Не могу!.. Счастья хочется, под руками оно, — так вот оно само и плывет к тебе. А руки не поднимаются взять, как каменные… Страх… стыд… мука… Боже мой, что это было за проклятое время!
Она прикрыла глаза рукою.
— Темперамент заговорил… Двадцать лет!.. Здоровая, сильная, влюбленная, да еще развращенная в корень… Чувственность проснулась… Вон — Бурун-то меня холодностью натуры попрекал. А — бывало, князь говорит со мною, а у меня перед глазами зеленые круги пляшут, и горло судороги сдавили, и я ногти-то втисну в ладонь, и давлю-давлю, пока до крови не прорежу, а не то — чувствую: не совладаю я с собою, брошусь ему на шею, — будь, что будет! к чёрту все соображения, страхи и принципы! люблю его! хочу его! бессонная, по целым ночам в постели с боку на бок катаюсь… Плачу… Исхудала. Бог знает на кого похожа стала…

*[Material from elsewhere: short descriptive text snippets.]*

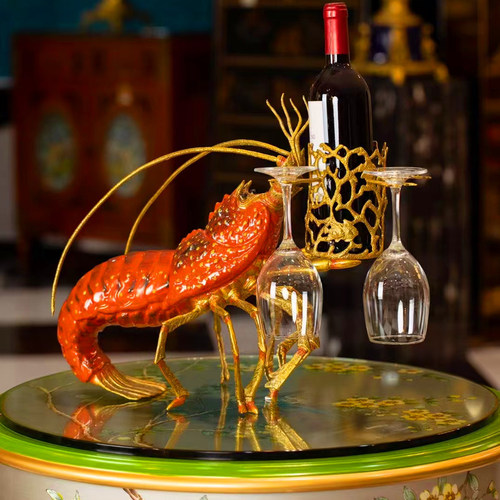 陶瓷摆件龙虾酒架红酒收纳装饰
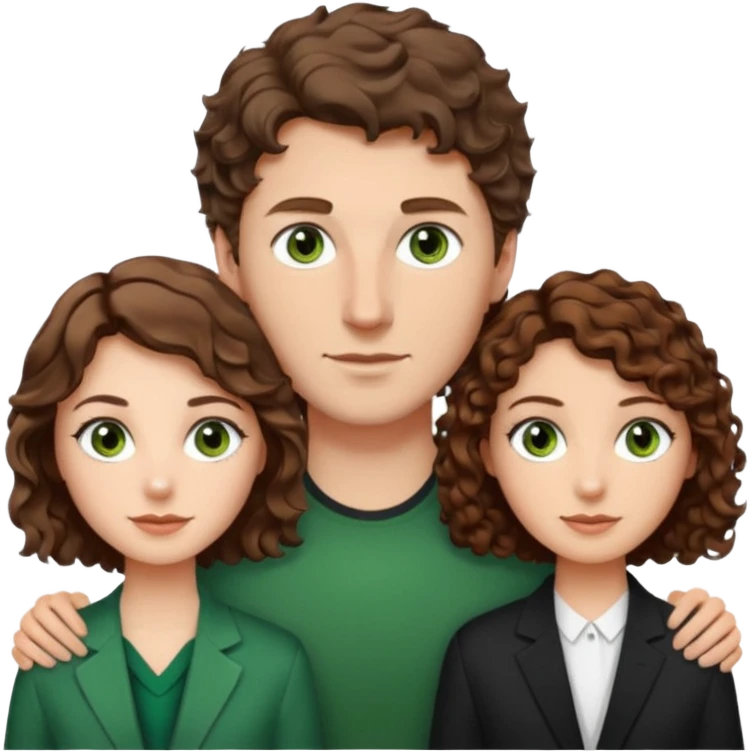 White Man in the middle with brown hair and green eyes, women next to him with short brown hair with slight waves, taller women on right side with shoulder length curly hair and brown eyes emoji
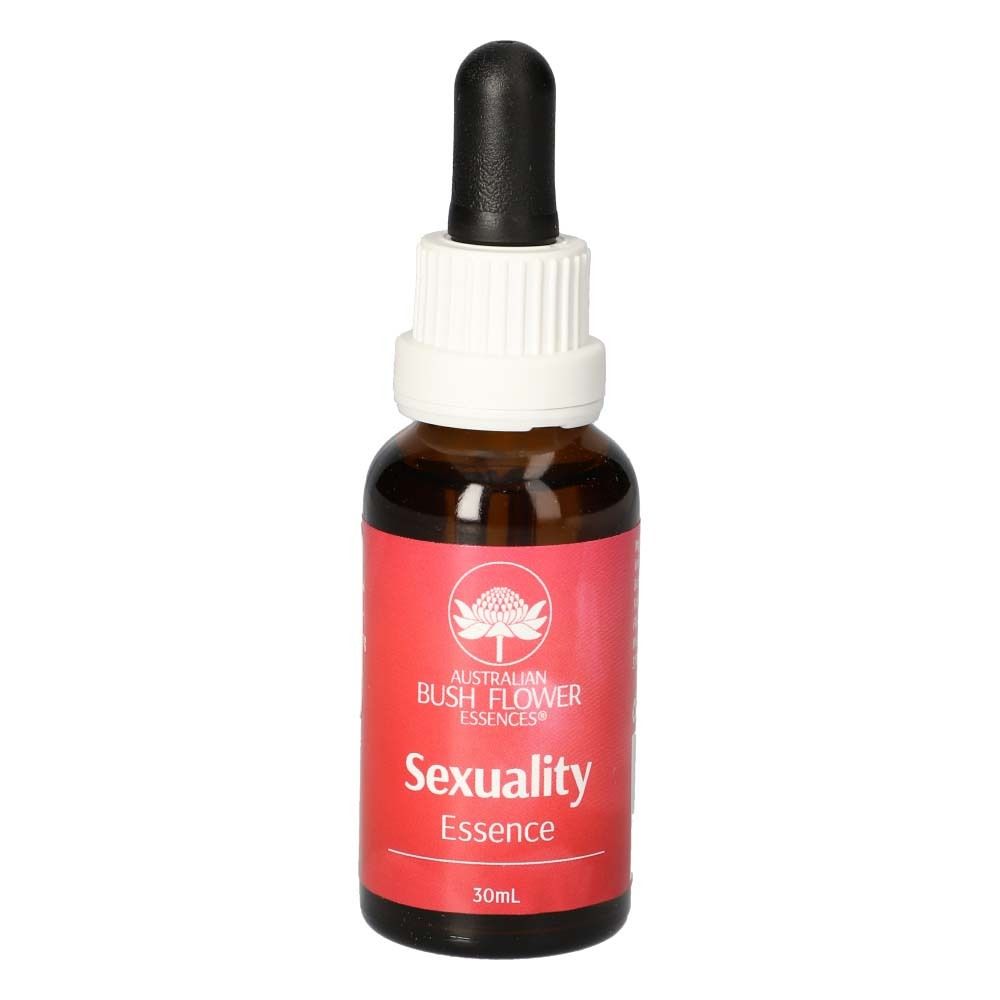 Braune Glasflasche mit Tropfer. Rotes Etikett mit weißer Schrift: Australian Bush Flower Essences® Sexuality Essence. 30ml.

Пребеспутный тогда вокруг меня кружок составился. Пять претендентов — один другого красивее, один другого удалее. Вот и моряк этот, что из Сингапура мне предложение-то прислал, был между ними: тогда он еще только-что корпус кончил. Все мы на ты. Пьем. Я — в мужском костюме, в шароварах, в шелковой рубахе. Влюблены все очень. У всех глаза на меня горят, как у волков…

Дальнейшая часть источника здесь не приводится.